Artikel 9 Behandeling door de raad

  • 1. De voorzitter van de raad vormt voor de Rekenkamer het eerste aanspreekpunt.

  • 2. Een onderzoeksrapport van de Rekenkamer Barendrecht wordt door de directeur schriftelijk aangeboden aan de gemeenteraad.

  • 3. Vanaf het moment van ontvangst door de gemeenteraad is een rapport openbaar, tenzij de directeur verzoekt om een embargo.

  • 4. Na ontvangst van het rapport zendt de griffie het rapport onverwijld door naar alle raadsleden.

  • 6. De rekenkamer wordt zo spoedig mogelijk na toezending in de gelegenheid gesteld het rapport toe te lichten in een vergadering van een raadscommissie.

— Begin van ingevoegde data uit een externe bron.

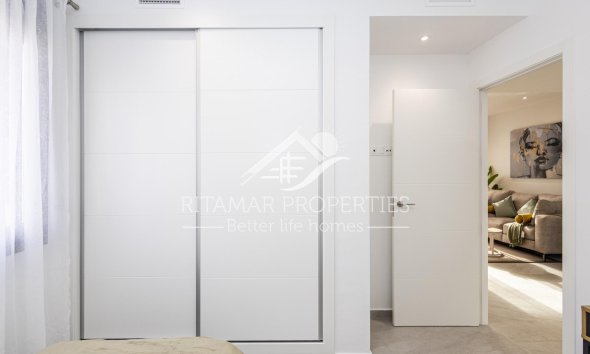 Nouvelle Construction - Appartment - Torrevieja - Nueva Torrevieja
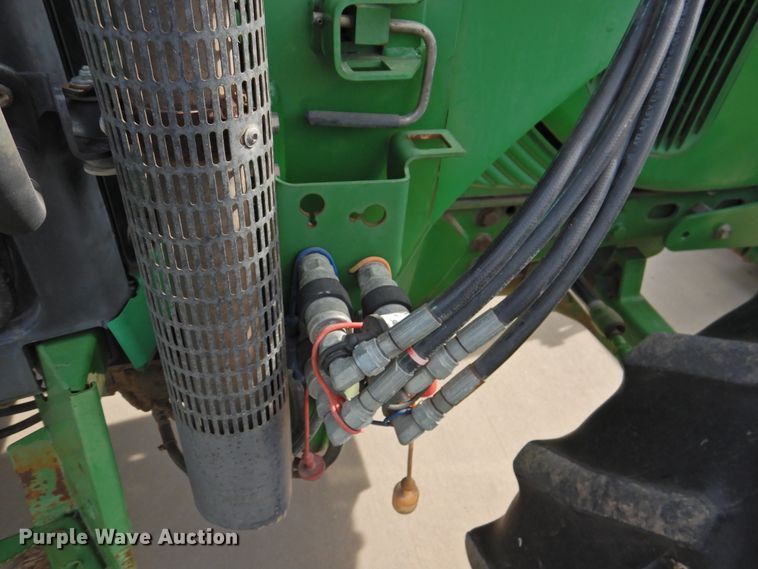 image for item DI0175 2005 John Deere 6420  MFWD tractor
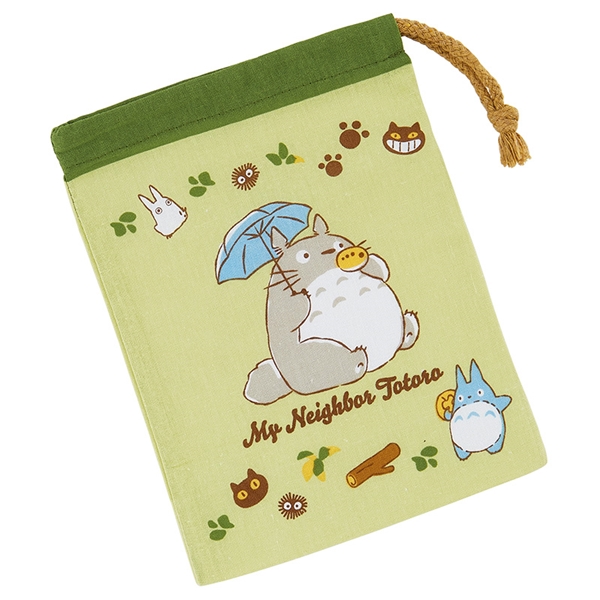 コップ袋 トトロ ネコバス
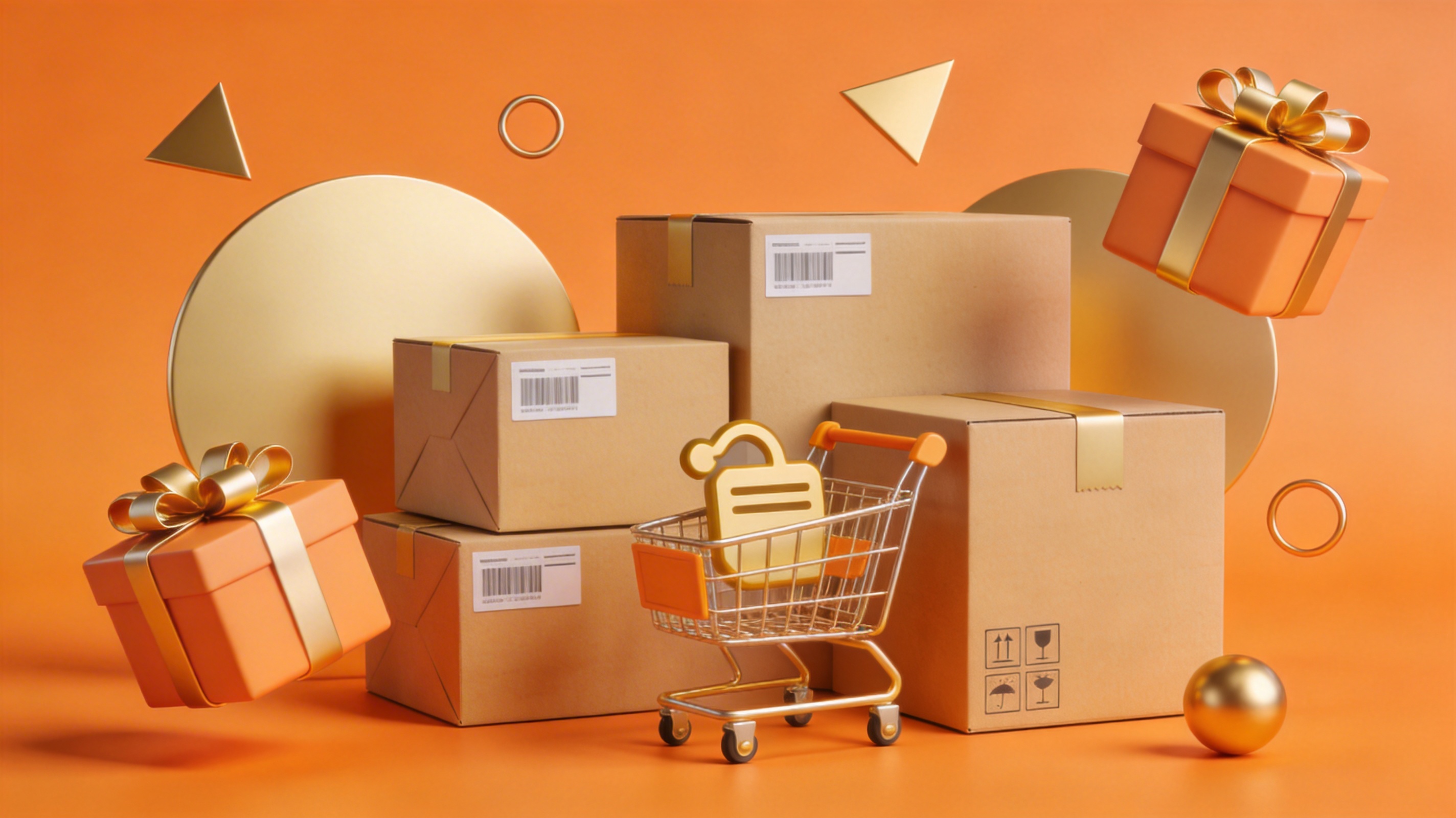 2026礼品代发市场:新趋势与增长机遇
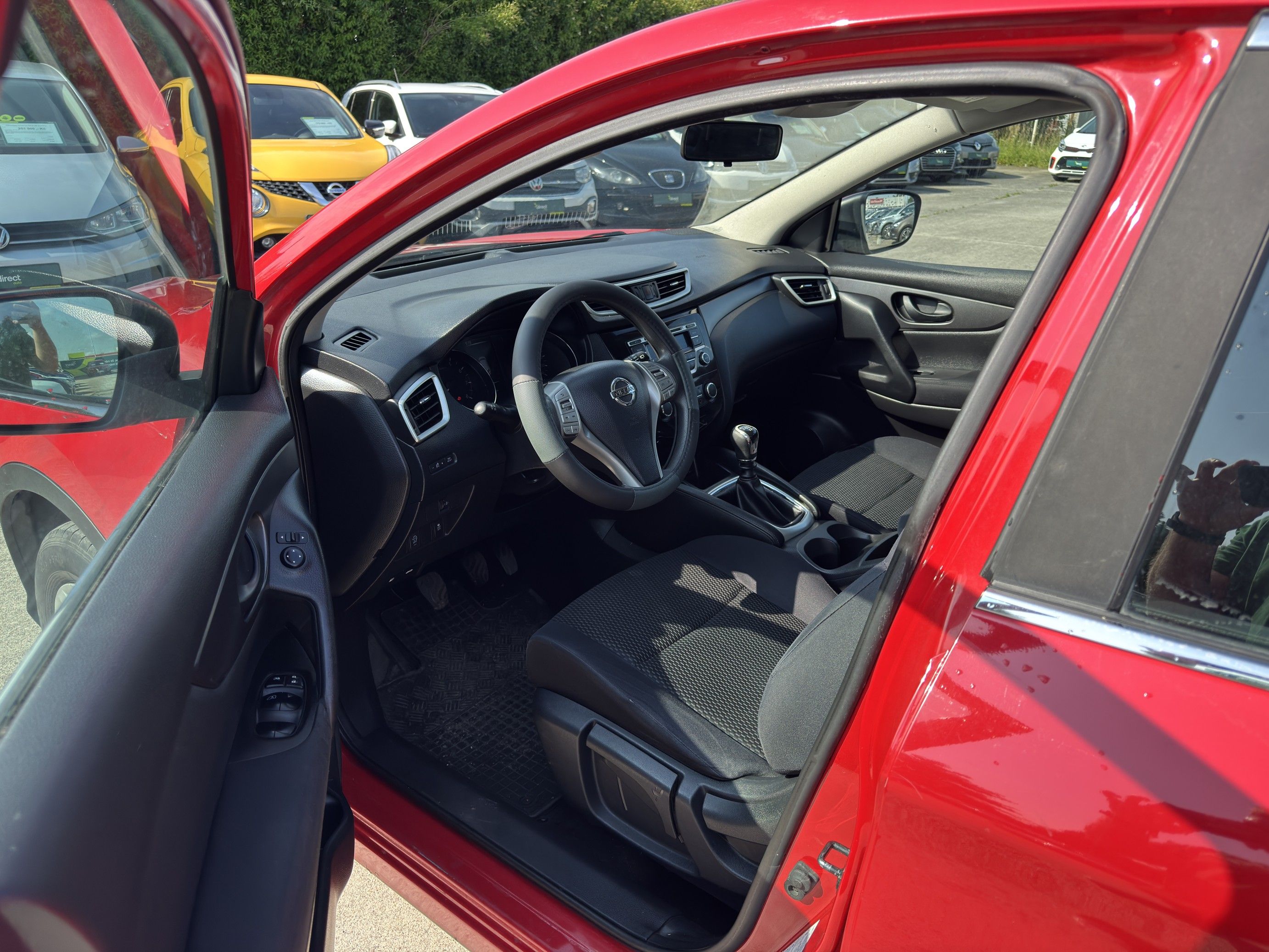 Nissan Qashqai, 1.2 DIG-T 85 kW - fotka 4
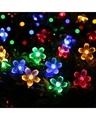 Shop 20 LED 4 Meter Multicolor Blossom Flower Fairy Decoration Lights-Front
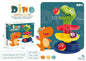 Dino Roll Ball Toy – Interactive Dinosaur Ramp Game for Kids -  Get deals pk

  • 7. De voorzitter van de gemeenteraad plaatst het rapport op de eerstvolgende lijst van ingekomen stukken van de gemeenteraad, mits ontvangen tenminste 3 weken voor de raadsvergadering. Op voorstel van de raadsgriffier adviseert de Agendacommissie de gemeenteraad of en zo ja in welke raadscommissie(s) inhoudelijke behandeling van het rapport zal plaatsvinden. Dit advies wordt gevoegd bij het rapport.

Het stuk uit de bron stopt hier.